Pope County is a county in the U.S. state of Arkansas. As of the 2020 census, the population was 63,381. The county seat is Russellville. The county was formed on November 2, 1829, from a portion of Crawford County and named for John Pope, the third governor of the Arkansas Territory. Pope County was the nineteenth (of seventy-five) county formed. The county's borders changed eighteen times in the 19th century with the creation of new counties and adjustments between counties. The current boundaries were set on 8 March 1877.

Pope County is geographically diverse, with the Arkansas River Valley and its farmlands and towns in the southern portion and the Ozarks covering nearly two-thirds of the county to the north, including a portion of the rugged Boston Mountains, a deeply dissected plateau. Approximately 40% of the county is in the Ozark National Forest.

Pope County is an alcohol prohibition or dry county.

Pope County is part of the Russellville, Arkansas, Micropolitan Statistical Area which encompasses all of Pope and Yell County.

History

Louisiana Purchase and Cherokee Lands
In 1803, Napoleon Bonaparte sold French Louisiana to the United States, including all of Arkansas.  Today, that transaction is known as the Louisiana Purchase.

By 1804, Present Jefferson, with others, looked to the new lands as a refuge for Indian peoples on lands near American settlements, keeping American settlers and Indian societies separate. 

Soon after the Louisiana Purchase, much of the region encompassing future Pope and other counties was designated as lands for the removal of eastern native tribes. In about 1805, Cherokee living in southeast Missouri on the Mississippi River moved to the Arkansas River at the suggestion of Louisiana Territory Governor James Wilkinson. After the New Madrid earthquakes, most of the Cherokee—as many as 2,000 people—who had lived along the St. Francis River relocated to the Arkansas River Valley.

In 1815, the US government established a Cherokee Reservation in the Arkansas district of the Missouri Territory and tried to convince the Cherokee to move there voluntarily. The reservation boundaries extended from north of the Arkansas River to the southern bank of the White River. The Cherokee who moved to this reservation became known as the "Old Settlers" or Western Cherokee.

A village on the Illinois Bayou served as the capitol of the Western Cherokees from 1813 to 1824.

The Treaty of 1817 secured lands in Arkansas for the Western Cherokees north of the Arkansas River between Point Remove and Fort Smith.  Most white settlers moved to new locations south of the river.  By 1820, new Cherokee emigrants from the east had blended with the Old Settlers in a new "colony" with a string of Cherokee villages stretching for over 70 miles above Point Remove. About half of this distance was in the future Pope County. An 1820 description by Territorial Governor James Miller called it a "lovely, rich part of the country."

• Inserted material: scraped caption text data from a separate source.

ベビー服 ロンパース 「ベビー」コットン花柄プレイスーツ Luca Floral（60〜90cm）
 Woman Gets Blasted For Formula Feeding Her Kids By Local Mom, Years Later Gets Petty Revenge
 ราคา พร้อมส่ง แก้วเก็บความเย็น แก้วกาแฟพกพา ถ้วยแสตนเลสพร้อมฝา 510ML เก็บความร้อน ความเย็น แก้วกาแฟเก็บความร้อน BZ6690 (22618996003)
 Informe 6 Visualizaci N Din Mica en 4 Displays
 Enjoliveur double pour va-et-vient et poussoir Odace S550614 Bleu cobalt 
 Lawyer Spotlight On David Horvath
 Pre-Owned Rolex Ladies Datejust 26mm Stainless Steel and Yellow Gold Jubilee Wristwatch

In 1818, the chief of the Arkansas Cherokees, Tol-on-tus-ky (Tolunskee or Tollontiskee), requested that the American Board of Commissioners for Foreign Missions send a mission to Arkansas. The assignment was given to Cephas Washburn and his brother-in-law, Alfred Finney, who established a mission in 1820 on the west side of Illinois Bayou about four miles from the Arkansas River.  The stream was navigable for keelboats about nine months of the year. The mission was named Dwight for the late Rev. Timothy Dwight, president of Yale College and a corporate member of the American Board of Commissioners for Foreign Missions.   The site was on a gentle rise covered with a growth of oak and pine at the foot of which issued a large spring of pure water.  Above, below and opposite the site was plenty of excellent bottomland for cultivation. The mission was conveniently near Indian villages. The mission eventually included more than 25 buildings, including seven log cabins, a dining hall, library, post office, lumber house, carpenter shop, saw mill, meat house, grist mill and barn. The land where Dwight Mission buildings were is now under the waters of Lake Dardanelle, but the cemetery is still on the hill nearby.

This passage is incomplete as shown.